Solar Power International 2009

I attended Solar Power 2009 Conference in Anneheim, CA last week. It was a hugh show (for solar) over 23,000 attendees, up nearly 3x in 3 years. While the attendence numbers generated some buzz, the overwhelming sentiment was relief that the worst of the financial crisis is over, and assuming that the 3rd quarter is indicative, the solar industry is back on its feet and moving forward again.

Actually the Exhibit hall is getting a little too big--I spent my entire first day wandering the exhibit floor. I suppose I have only myself to blame...

They had a couple excellent speakers in Ed Begley Jr, (morning 1) and Robert F. Kennedy Jr, (morning 2). They were definately the highlights of the conference for me. Favorite factoid: total direct US solar subisidy= $1 Billion/yr, total direct US fossil fuel subsidy = $70 billion/yr. While it was nice to have some high profile politicos like the US Secretary of Labor (Hilda Solis) and the Govenor of New Mexico (Bill Richardson) address the conference, they didn't make any news.

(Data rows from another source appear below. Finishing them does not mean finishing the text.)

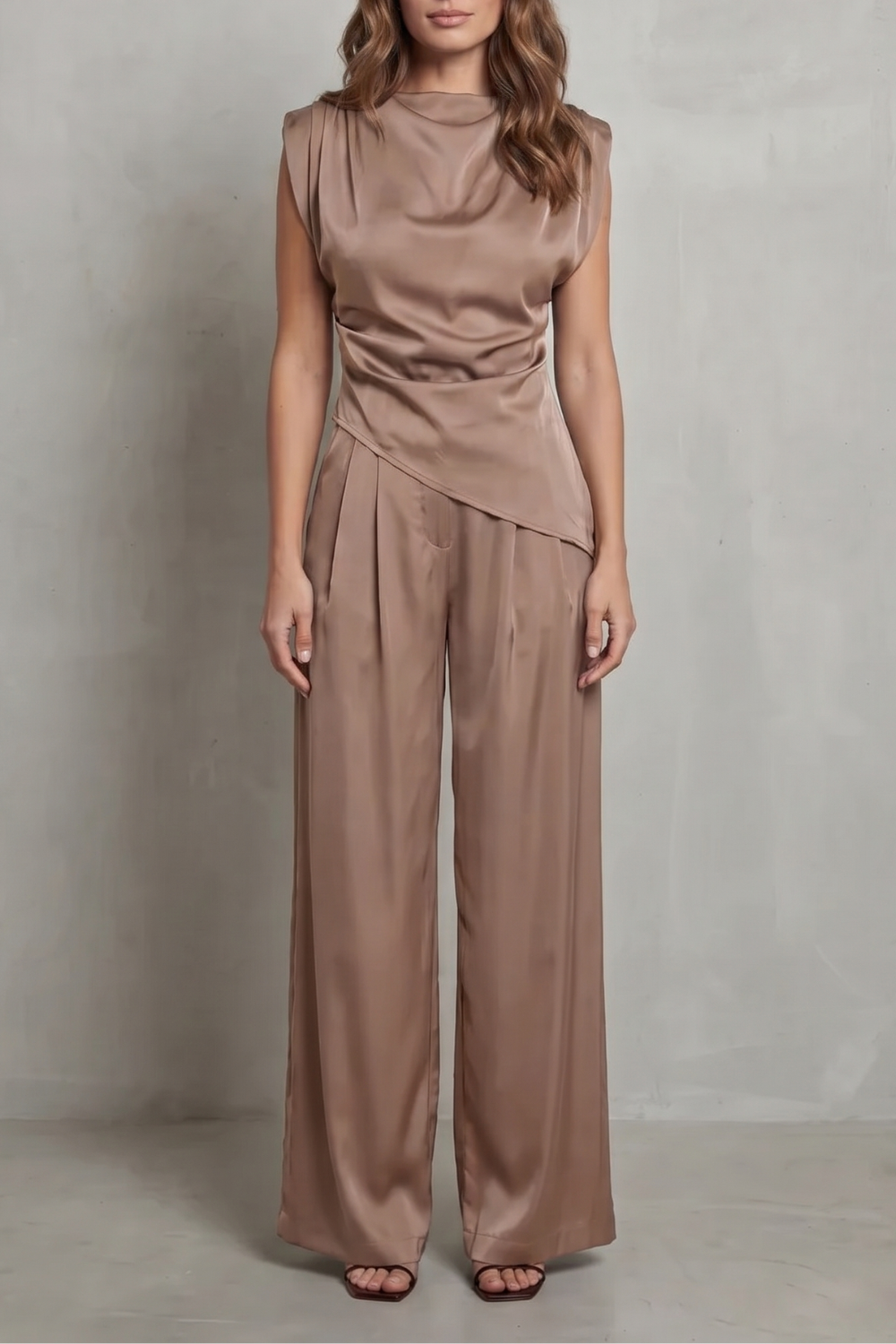 Selora – Draped waist detail – Casual elegance set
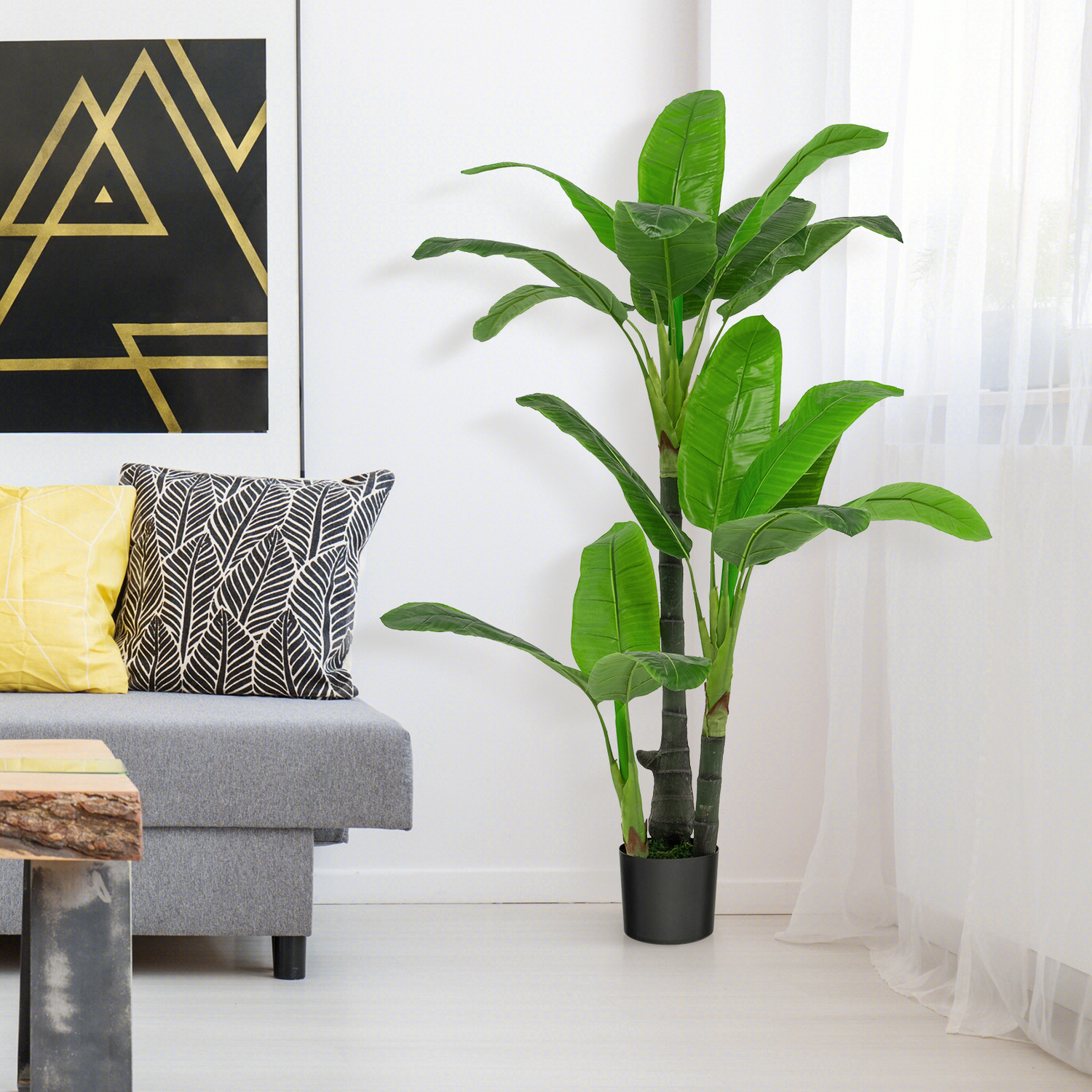 Artificial Banana Plant - Green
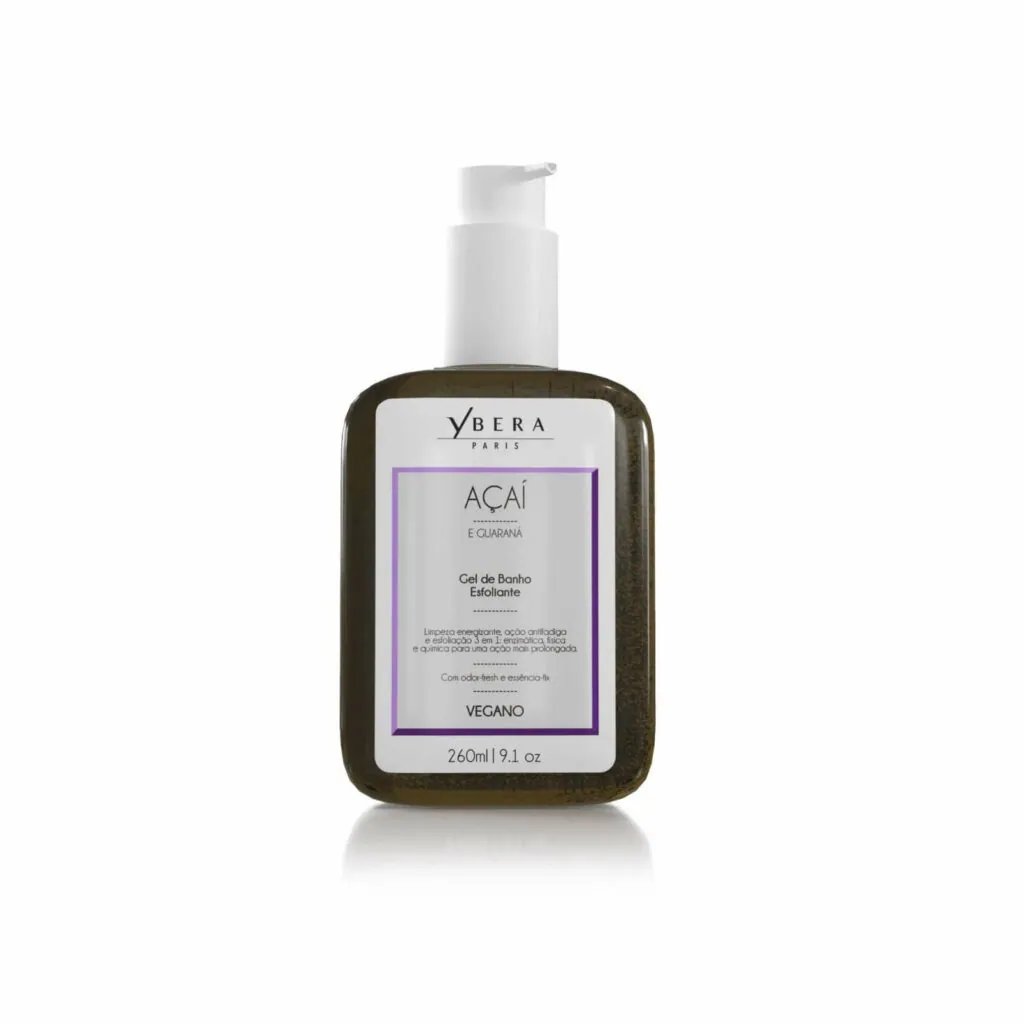 Gel de Banho Esfoliante Açaí e Guaraná 260ml - Ybera Paris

The CEO panels (morning 2 & 3) were underwhelming, I think this was partly the fault of the panel moderators pushing their own agendas. The first moderator (german) was fixated on a national Feed-In-Tariff, and asked the panel about 5 different times how to institute a FIT in the US. [I am all for FITs, provided you get the pricing right--which probably is around $0.20/kwh, significantly below Germany's rate.] On the other hand I can't imagine one rate that would work everywhere from Maine to California, and Texas to Minnesota.

A more interesting argument coming from Akeena Solar's CEO (not in this CEO panel) is a solar manifesto--to reduce to zero pages--the paperwork required to install solar systems under ~10kw. I particularly like his analogy that it takes over 100pages of paperwork to install a couple kilowatt system in CA but no paperwork required to buy and use a 1,600 watt hairdryer (or an AC unit for that matter). I have argued before that there is no problem for me to turn on or off every appliance in my house whenever I want, but somehow "the grid" can't handle the intermittency of solar panels. (seems like a red herring to me)

The second moderator came in with some extreme (unnamed) analyst interpretation of the global solar market like a) only 1/2 of the panels made this year will be installed this year and b) in seven years there will only be 5 solar companies (??) --can you say straw man? And is solar too dependant on subsidies? (as if solar is the only energy industry that recieves subsidies); another question Does the solar industry need to take a page from the coal technology's "Clean Coal"? Answer--spot on--: we dont need to mislead the public!!!

In fact over the past 15 months, the wholesale cost of panels have declined over 40%, and incentives for solar have increased in many countries (especially the US 30% tax credit). The net result: in the US the end user cost of solar has fallen by 50% in the past 1.5 years.